---- DATA UNDER STUDY

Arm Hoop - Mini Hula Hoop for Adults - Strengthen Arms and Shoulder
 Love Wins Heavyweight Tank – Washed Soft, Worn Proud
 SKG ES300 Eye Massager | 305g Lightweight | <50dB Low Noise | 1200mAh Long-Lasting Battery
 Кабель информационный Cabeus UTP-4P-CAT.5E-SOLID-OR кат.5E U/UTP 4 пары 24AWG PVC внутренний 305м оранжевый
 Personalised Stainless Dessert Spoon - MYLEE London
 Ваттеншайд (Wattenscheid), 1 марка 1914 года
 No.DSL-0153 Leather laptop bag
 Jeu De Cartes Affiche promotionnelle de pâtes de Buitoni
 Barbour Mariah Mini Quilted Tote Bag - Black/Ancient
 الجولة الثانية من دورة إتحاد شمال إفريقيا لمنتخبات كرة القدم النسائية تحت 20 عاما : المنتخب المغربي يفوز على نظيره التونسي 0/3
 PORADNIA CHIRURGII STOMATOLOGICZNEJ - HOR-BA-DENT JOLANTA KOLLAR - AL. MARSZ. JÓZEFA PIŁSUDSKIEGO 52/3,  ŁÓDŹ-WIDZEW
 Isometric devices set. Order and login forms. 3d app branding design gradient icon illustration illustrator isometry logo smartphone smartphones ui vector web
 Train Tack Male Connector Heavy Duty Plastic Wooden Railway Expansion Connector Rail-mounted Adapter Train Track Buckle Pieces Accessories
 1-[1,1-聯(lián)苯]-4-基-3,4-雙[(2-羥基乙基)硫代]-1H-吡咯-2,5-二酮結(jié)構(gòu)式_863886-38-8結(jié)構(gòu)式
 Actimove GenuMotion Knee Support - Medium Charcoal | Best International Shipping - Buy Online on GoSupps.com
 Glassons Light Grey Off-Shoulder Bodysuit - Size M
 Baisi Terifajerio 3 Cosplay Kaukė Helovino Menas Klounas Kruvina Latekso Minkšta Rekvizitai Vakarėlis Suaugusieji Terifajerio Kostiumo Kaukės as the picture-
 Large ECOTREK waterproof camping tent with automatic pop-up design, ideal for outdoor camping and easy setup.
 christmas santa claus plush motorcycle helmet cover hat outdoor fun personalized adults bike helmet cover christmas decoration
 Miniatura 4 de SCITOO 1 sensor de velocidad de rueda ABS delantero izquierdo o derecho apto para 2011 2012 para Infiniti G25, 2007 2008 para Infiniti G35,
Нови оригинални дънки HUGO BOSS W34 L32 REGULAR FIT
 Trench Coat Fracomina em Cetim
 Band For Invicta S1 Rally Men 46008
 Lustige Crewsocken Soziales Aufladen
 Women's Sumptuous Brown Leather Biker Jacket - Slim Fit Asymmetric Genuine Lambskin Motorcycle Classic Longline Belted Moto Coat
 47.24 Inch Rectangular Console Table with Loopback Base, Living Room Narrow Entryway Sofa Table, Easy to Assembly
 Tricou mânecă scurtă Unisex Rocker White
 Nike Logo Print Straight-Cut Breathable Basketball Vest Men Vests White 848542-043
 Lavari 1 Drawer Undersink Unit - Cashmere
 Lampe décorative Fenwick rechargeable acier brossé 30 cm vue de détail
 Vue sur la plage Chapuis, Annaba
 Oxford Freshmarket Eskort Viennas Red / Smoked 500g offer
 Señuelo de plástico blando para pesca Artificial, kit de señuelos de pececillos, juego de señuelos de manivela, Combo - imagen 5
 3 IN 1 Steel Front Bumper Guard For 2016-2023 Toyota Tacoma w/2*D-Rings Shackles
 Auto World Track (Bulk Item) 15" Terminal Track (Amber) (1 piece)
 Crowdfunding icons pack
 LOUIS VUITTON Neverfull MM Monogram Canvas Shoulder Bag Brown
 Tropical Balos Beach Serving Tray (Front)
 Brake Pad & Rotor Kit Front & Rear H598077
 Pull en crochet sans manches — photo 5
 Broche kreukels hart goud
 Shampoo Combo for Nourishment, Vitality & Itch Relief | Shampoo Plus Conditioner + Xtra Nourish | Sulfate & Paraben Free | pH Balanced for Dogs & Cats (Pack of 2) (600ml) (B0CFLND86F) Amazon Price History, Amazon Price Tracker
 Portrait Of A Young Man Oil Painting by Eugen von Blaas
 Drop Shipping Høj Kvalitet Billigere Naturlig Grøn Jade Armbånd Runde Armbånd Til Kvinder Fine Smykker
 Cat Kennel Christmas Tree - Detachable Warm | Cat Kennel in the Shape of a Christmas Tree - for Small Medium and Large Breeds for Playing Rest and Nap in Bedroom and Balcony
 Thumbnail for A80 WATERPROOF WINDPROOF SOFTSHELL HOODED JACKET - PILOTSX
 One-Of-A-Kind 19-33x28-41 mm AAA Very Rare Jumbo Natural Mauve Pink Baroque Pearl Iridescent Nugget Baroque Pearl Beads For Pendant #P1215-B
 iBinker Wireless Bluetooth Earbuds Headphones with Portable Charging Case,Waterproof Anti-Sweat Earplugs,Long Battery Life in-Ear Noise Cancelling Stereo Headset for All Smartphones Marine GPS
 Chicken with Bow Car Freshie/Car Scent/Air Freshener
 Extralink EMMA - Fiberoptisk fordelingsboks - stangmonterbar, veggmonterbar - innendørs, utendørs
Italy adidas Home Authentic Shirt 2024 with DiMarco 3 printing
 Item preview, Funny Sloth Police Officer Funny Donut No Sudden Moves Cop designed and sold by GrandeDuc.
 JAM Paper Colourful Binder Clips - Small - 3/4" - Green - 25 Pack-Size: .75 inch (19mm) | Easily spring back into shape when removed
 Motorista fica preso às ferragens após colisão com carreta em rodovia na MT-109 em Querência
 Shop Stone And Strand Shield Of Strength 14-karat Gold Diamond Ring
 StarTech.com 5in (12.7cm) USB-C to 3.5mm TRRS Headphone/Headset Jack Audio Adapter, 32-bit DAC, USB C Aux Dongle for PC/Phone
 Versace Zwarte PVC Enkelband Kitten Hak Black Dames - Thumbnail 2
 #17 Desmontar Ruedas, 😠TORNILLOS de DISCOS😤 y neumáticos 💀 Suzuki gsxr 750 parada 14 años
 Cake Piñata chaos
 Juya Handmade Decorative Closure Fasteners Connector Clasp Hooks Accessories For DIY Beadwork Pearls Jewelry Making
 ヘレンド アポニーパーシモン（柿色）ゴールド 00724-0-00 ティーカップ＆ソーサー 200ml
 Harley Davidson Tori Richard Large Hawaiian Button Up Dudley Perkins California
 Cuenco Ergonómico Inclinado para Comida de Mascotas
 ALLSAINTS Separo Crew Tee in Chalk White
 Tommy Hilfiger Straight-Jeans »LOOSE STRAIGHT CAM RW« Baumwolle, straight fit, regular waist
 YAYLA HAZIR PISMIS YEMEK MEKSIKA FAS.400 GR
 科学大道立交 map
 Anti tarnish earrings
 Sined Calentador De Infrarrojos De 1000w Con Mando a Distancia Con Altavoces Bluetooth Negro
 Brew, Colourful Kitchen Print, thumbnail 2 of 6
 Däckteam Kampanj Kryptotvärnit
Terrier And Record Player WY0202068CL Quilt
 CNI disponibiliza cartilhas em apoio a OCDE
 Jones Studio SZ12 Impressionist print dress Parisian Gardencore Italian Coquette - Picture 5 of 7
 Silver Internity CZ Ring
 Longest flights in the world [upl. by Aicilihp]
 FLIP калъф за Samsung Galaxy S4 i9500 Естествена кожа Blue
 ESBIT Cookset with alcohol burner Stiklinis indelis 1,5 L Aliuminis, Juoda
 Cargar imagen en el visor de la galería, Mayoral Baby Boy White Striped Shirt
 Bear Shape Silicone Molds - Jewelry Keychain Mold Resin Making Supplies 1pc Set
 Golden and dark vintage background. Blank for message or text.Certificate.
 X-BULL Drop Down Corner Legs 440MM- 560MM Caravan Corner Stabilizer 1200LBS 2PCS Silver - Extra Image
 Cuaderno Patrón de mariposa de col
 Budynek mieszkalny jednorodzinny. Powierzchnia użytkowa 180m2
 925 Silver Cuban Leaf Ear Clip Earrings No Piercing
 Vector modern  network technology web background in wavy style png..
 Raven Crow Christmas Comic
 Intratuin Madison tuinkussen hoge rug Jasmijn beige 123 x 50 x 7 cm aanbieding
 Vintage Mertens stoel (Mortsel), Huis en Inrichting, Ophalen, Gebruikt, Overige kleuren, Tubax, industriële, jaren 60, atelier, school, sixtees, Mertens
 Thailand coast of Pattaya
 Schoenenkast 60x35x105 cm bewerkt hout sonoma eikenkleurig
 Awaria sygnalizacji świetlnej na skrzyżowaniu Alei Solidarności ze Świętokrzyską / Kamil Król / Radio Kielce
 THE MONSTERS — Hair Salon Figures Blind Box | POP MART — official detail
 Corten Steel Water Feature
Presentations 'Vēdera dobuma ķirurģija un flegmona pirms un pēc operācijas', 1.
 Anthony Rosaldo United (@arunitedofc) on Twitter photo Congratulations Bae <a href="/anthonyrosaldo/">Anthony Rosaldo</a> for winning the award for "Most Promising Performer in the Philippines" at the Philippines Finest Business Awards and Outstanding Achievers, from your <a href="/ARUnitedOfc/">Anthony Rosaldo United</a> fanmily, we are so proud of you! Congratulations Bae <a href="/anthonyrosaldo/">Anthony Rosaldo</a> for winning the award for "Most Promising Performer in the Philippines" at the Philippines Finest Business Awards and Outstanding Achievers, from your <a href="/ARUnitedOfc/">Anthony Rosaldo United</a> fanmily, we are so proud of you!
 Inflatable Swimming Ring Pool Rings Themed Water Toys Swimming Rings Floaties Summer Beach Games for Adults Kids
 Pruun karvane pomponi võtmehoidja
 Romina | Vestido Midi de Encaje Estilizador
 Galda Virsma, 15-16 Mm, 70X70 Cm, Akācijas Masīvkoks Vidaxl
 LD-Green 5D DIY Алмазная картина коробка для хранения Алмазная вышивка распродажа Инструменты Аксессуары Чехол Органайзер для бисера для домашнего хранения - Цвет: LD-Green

--------

In the listing above, find the line holding "3 IN 1 Steel" and the line holding "Brake Pad & Rotor Kit Front & Rear H598077", then output those two lines and every line between them exactly.

→ ANSWER TO THE EXERCISE:
 3 IN 1 Steel Front Bumper Guard For 2016-2023 Toyota Tacoma w/2*D-Rings Shackles
 Auto World Track (Bulk Item) 15" Terminal Track (Amber) (1 piece)
 Crowdfunding icons pack
 LOUIS VUITTON Neverfull MM Monogram Canvas Shoulder Bag Brown
 Tropical Balos Beach Serving Tray (Front)
 Brake Pad & Rotor Kit Front & Rear H598077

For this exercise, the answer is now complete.